Pakistan entered the IMF program in September 2024 after years of weak revenues, soaring fiscal deficits, import controls, currency depletion and repeated climate shocks left the economy close to external default. A smaller stopgap arrangement earlier that year helped avert immediate default, but the current 37-month program was designed to restore macroeconomic stability through strict monetary tightening, currency adjustments, subsidy rationalization and aggressive revenue measures.

The IMF’s new review shows that Pakistan has delivered significant gains since then. Growth recovered to 3 percent last year after shrinking the year before. Inflation fell from over 23 percent to low single digits before rising again after this year’s floods. The current account posted its first surplus in 14 years, helped by stronger remittances and a sharp reduction in imports. And the government delivered a primary budget surplus of 1.3 percent of GDP, a key program requirement. Foreign exchange reserves, which had dropped dangerously low in 2023, rose from US$9.4 billion to US$14.5 billion by June.

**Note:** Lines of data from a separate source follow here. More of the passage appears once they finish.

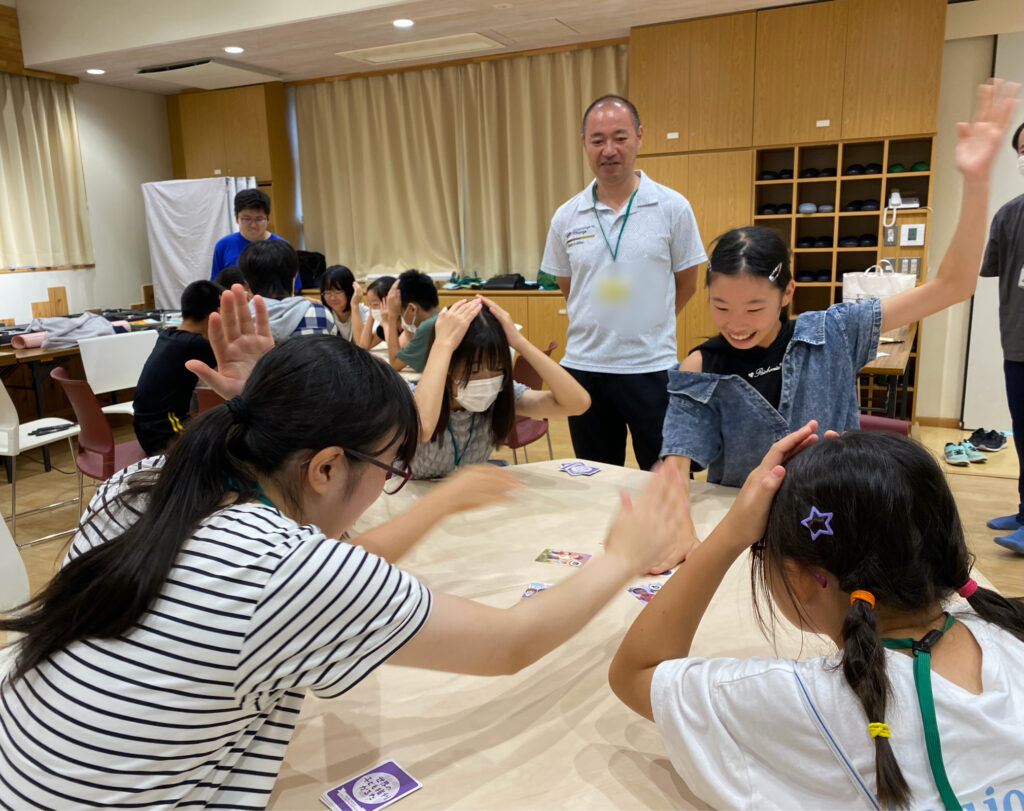 子どもたちがカルタをしている写真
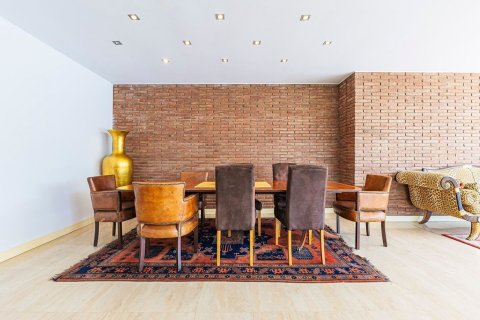 Casa in vendita a Esplugues de Llobregat, Barcelona, Spagna 4 camere da letto, 376 mq. N° 192065 - foto 12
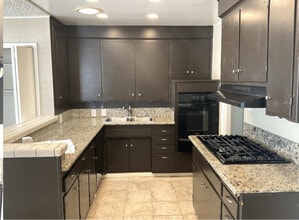 13139 Archwood St in Los Angeles, CA - Building Photo - Building Photo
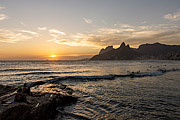  People observing the sunset from Arpoador Stone  - Rio de Janeiro city - Rio de Janeiro state (RJ) - Brazil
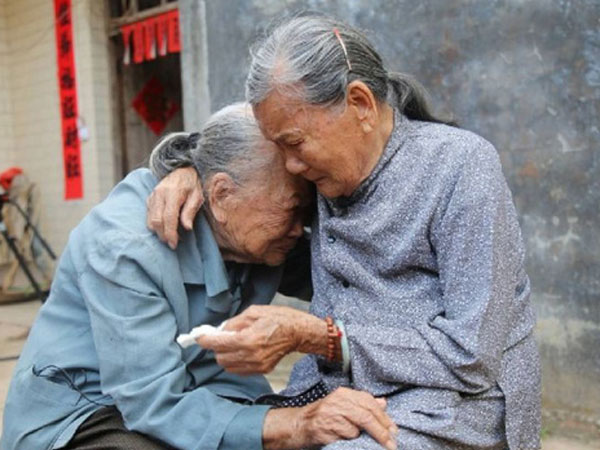 Tìm được chị gái thất lạc sau 79 năm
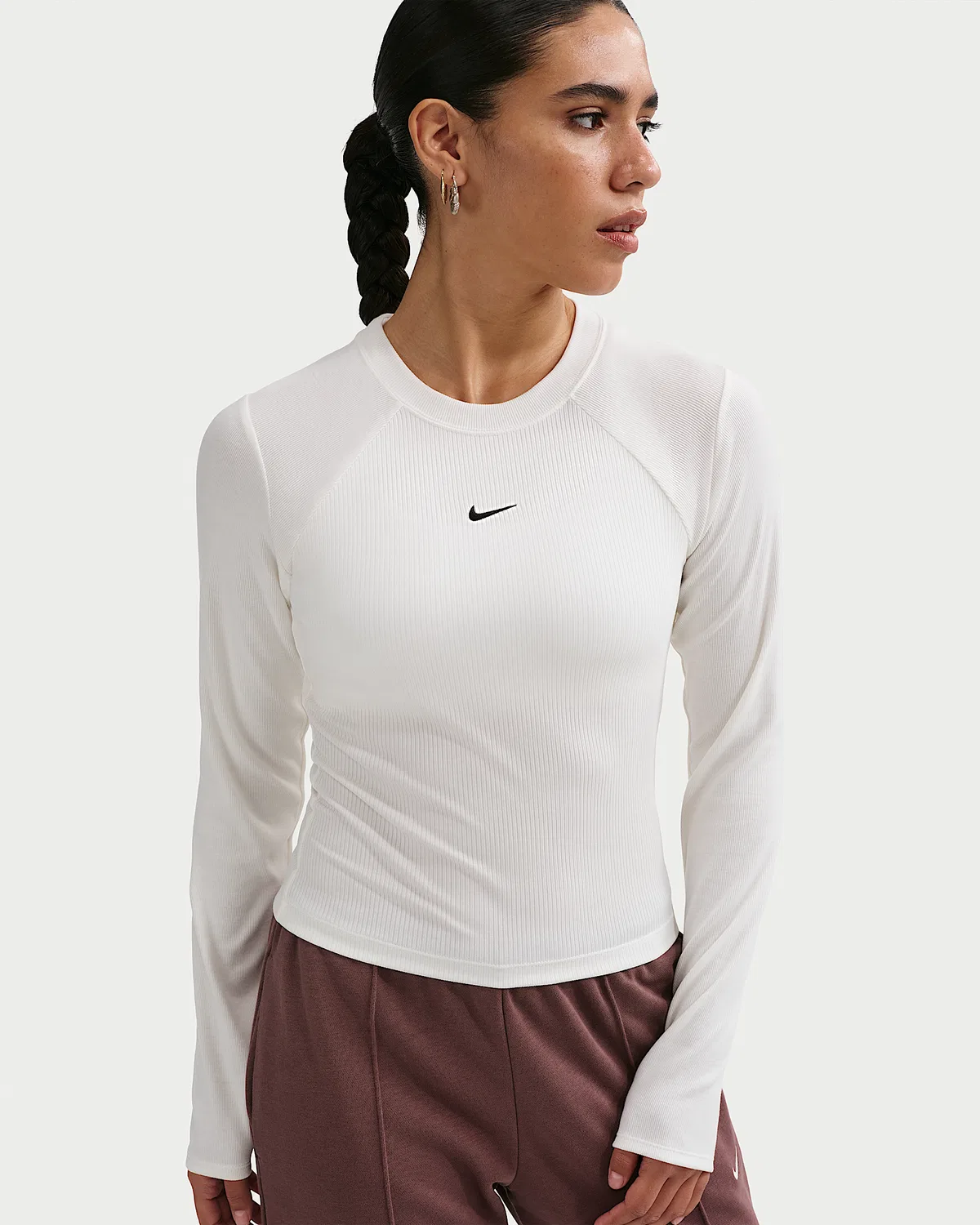 Женская облегающая длинная футболка с ребристой вязкой Nike Sportswear Chill Knit, Sail/Black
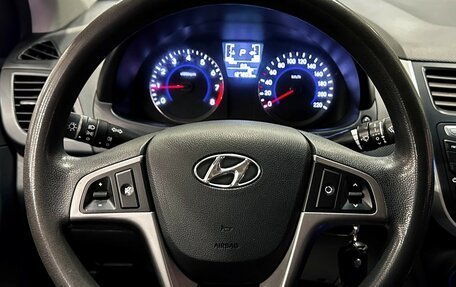 Hyundai Solaris II рестайлинг, 2015 год, 1 047 000 рублей, 22 фотография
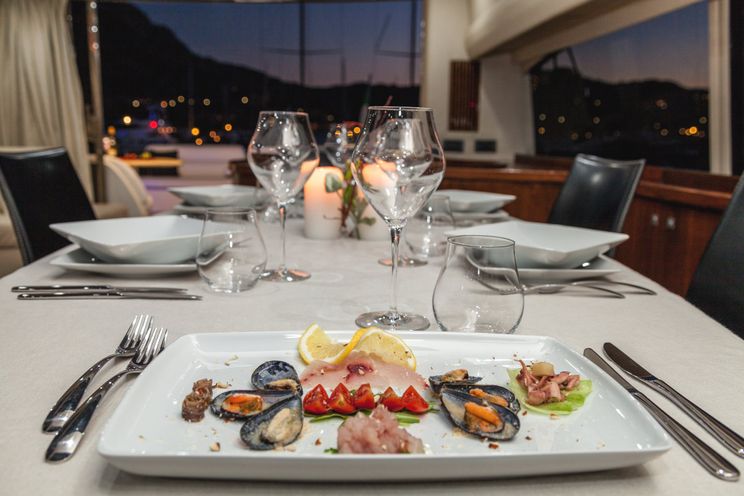 Charter Yacht OCTAVIA - Sunseeker Predator 82 - 4 Cabins - Porto Cervo - Poltu Quatu - Olbia - Sardinia - Italy
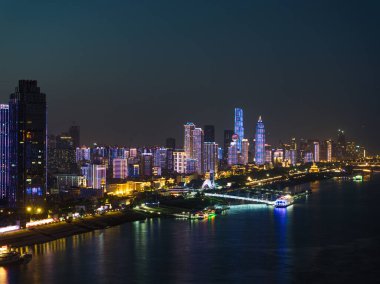 Wuhan şehir simgesi gökyüzü gece manzarası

“Pakistan’s reform implementation under the EFF arrangement has helped preserve macroeconomic stability in the face of several recent shocks,” IMF Deputy Managing Director Nigel Clarke said in a statement after the Board meeting.

But he warned that Islamabad must “maintain prudent policies” and accelerate reforms needed for private-sector-led and sustainable growth.

The Fund noted that the 2025 monsoon floods, affecting nearly seven million people, damaging housing, livestock and key crops, and displacing more than four million, have set back the recovery. The IMF now expects GDP growth in FY26 to be slightly lower and forecasts inflation to rise to 8–10 percent in the coming months as food prices adjust.

The review warns Pakistan against relaxing monetary or fiscal discipline prematurely. It urges the State Bank to keep policy “appropriately tight,” allow exchange-rate flexibility and improve communication. Islamabad must also continue raising revenues, broadening the tax base and protecting social spending, the Fund said.

Despite the progress, Pakistan’s structural weaknesses remain severe.

Power-sector circular debt stands at about $5.7 billion, and gas-sector arrears have climbed to $11.3 billion despite tariff adjustments. Reform of state-owned enterprises has slowed, including delays in privatizing loss-making electricity distributors and Pakistan International Airlines. Key governance and anti-corruption reforms have also been pushed back.

The IMF welcomed Pakistan’s expansion of its flagship Benazir Income Support Program, which raises cash transfers for low-income families and expands coverage, saying social protection is essential as climate shocks intensify. But it warned that high public debt, about 72 percent of GDP, thin external buffers and climate exposure leave the country vulnerable if reform momentum weakens.

The Fund said Pakistan’s challenge now is to convert short-term stabilization into sustained recovery after years of economic volatility, with its ability to maintain discipline, rather than the size of external financing alone, determining the durability of its gains.